PlayStation Portable
Lunar: Silver Star Harmony
Though Lunar doesn't have the same visibility as the Mario or Zelda franchises, it truly is one of the classics. The story is so endearing, with such likeable characters that it is easily one of the most likeable role playing fables ever told. The battle system is an extremely standard turn-based affair, but it's the gorgeous art, animation, and enthralling story that make this a must-play experience. 














 PlayStation Network
Mega Man 10
In gaming's heyday, few series were as renowned as Mega Man. The franchise's six 8-bit offerings on the NES are collectively considered some of the console's best titles, and with Mega Man 10, you're brought back to a day when gameplay, and gameplay alone, trumped all else. The game's steep difficulty and archaic look and feel will no doubt turn off some gamers, but that's okay – those kinds of gamers wouldn't be able to beat any of the Mega Man 10's thirteen stages anyway. 










Xbox Live Arcade
Perfect Dark
Think of Perfect Dark on Xbox Live Arcade as a re-mastered album from your favorite band, or even a vintage film restored for re-release by the Criterion Collection.

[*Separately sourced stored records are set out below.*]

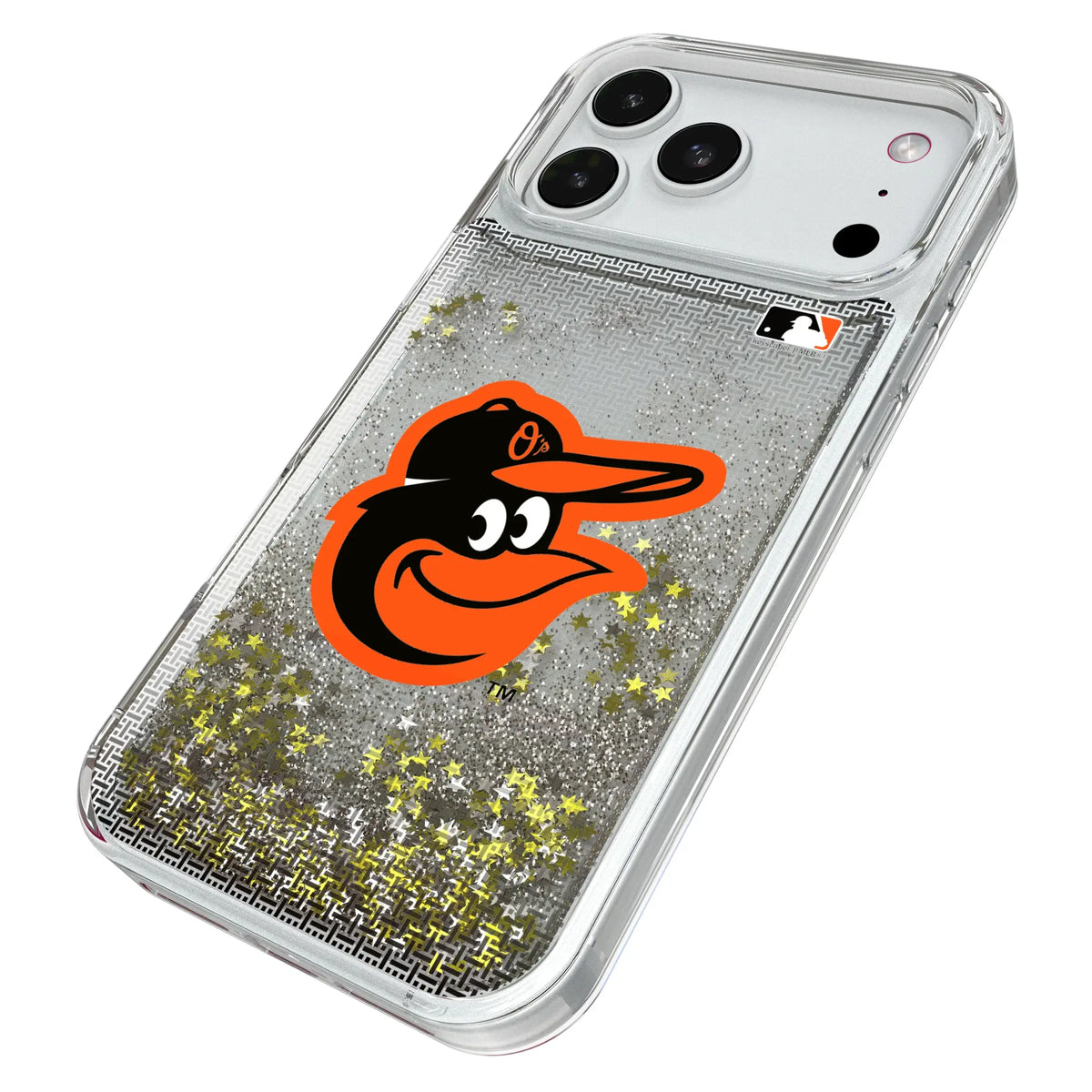 Baltimore Orioles Linen iPhone Glitter Phone Case for Apple iPhone - Isometric View#Device_iPhone 18 Pro Max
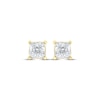 Thumbnail Image 2 of KAY Lab-Grown Diamonds Princess-Cut Solitaire Stud Earrings 3/4 ct tw 14K Yellow Gold (F/SI2)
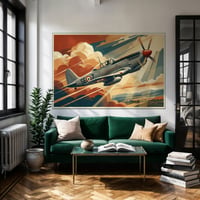 Image 6 of FIAT G-59 Stampa Fine Art in stile vintage 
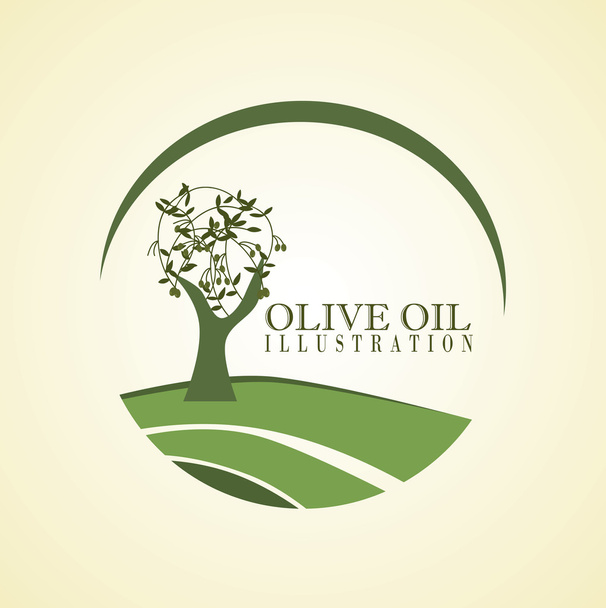 Aceite de oliva
 - Vector, imagen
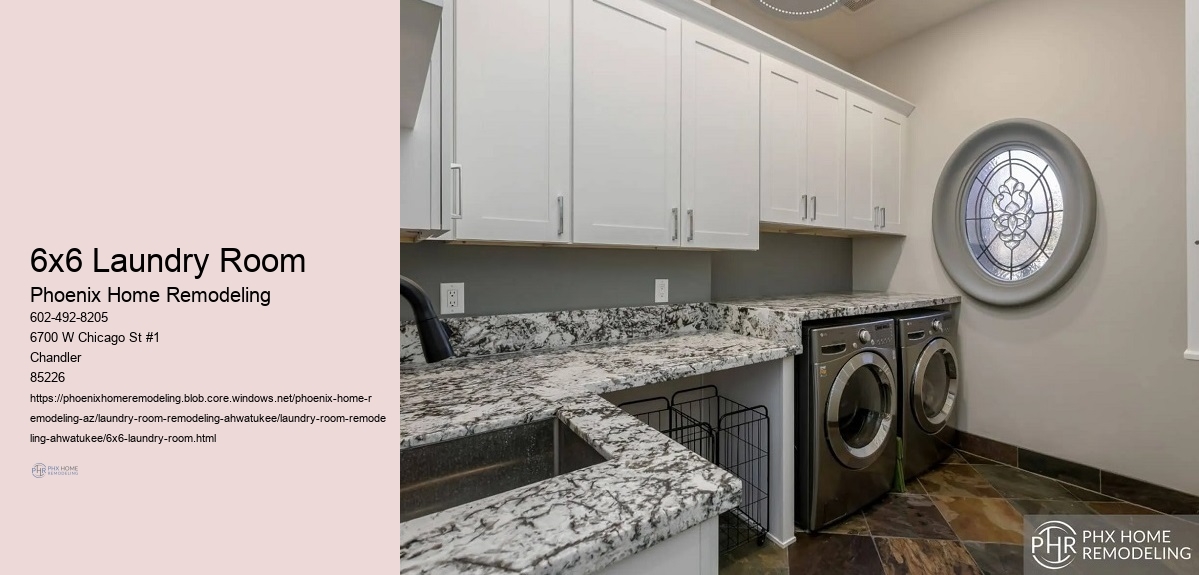 6x6 Laundry Room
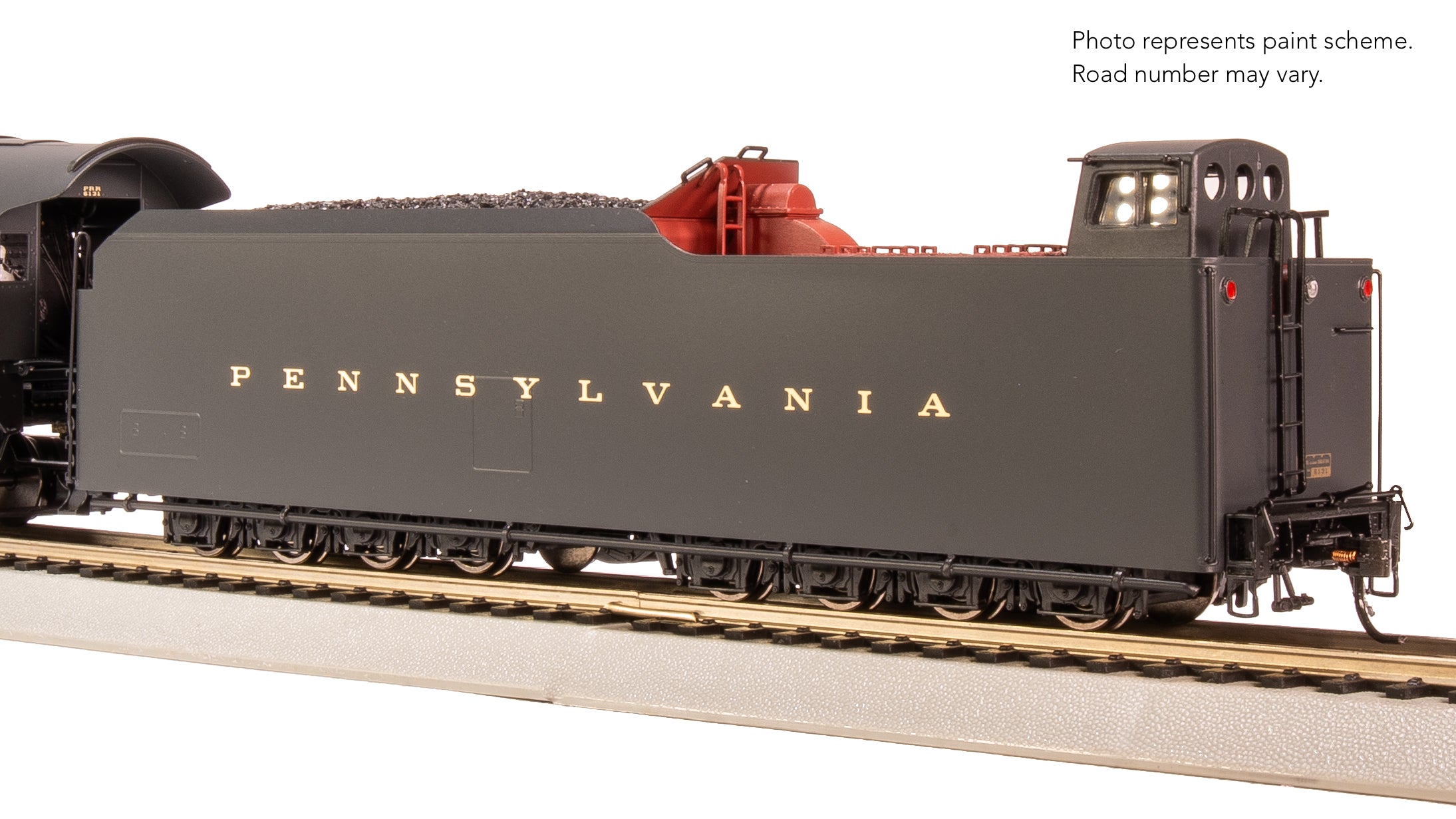 7800 PRR Q2 Duplex, 4-4-6-4, #6131, Prototype Version, 18,000 gallon tender, Paragon4 Sound/DC/DCC, Smoke, HO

Microsoft and 4JStudios have dusted off our heroine Joanna Dark and given her a full makeover so her first adventure looks and plays better than ever. Perfect Dark was resurrected for the fans, and they're going to be pleased with this improved version. 










WiiWare
Cave Story
Cave Story is one of the best "new retro" games we've seen. It tells an elaborate tale full of endearing characters, fun boss fights, and satisfying weapons. The polish and tight controls are on par with what you would have found in a first-party Nintendo NES game. There are numerous moments in Cave Story that will delight you, from returning lost puppies to their owner to a recurring boss named Balrog that likes to make Kool-Aid Man-style entrances. 














 iPhone
Street Fighter IV
Street Fighter IV for the iPhone should have been awful. No stick? No buttons? But Capcom pulled off a miracle. Not only is it playable, but it's a lot of fun. 










Source: IGN


----------



## Matteo (Jul 12, 2006)

People get tired of Modern Warfare 2? 
Jk, but I guess I know what my next game will be. I have heard very good reviews about Battlefield: Bad Co. 2. I will have it on my short list.
matteo


----------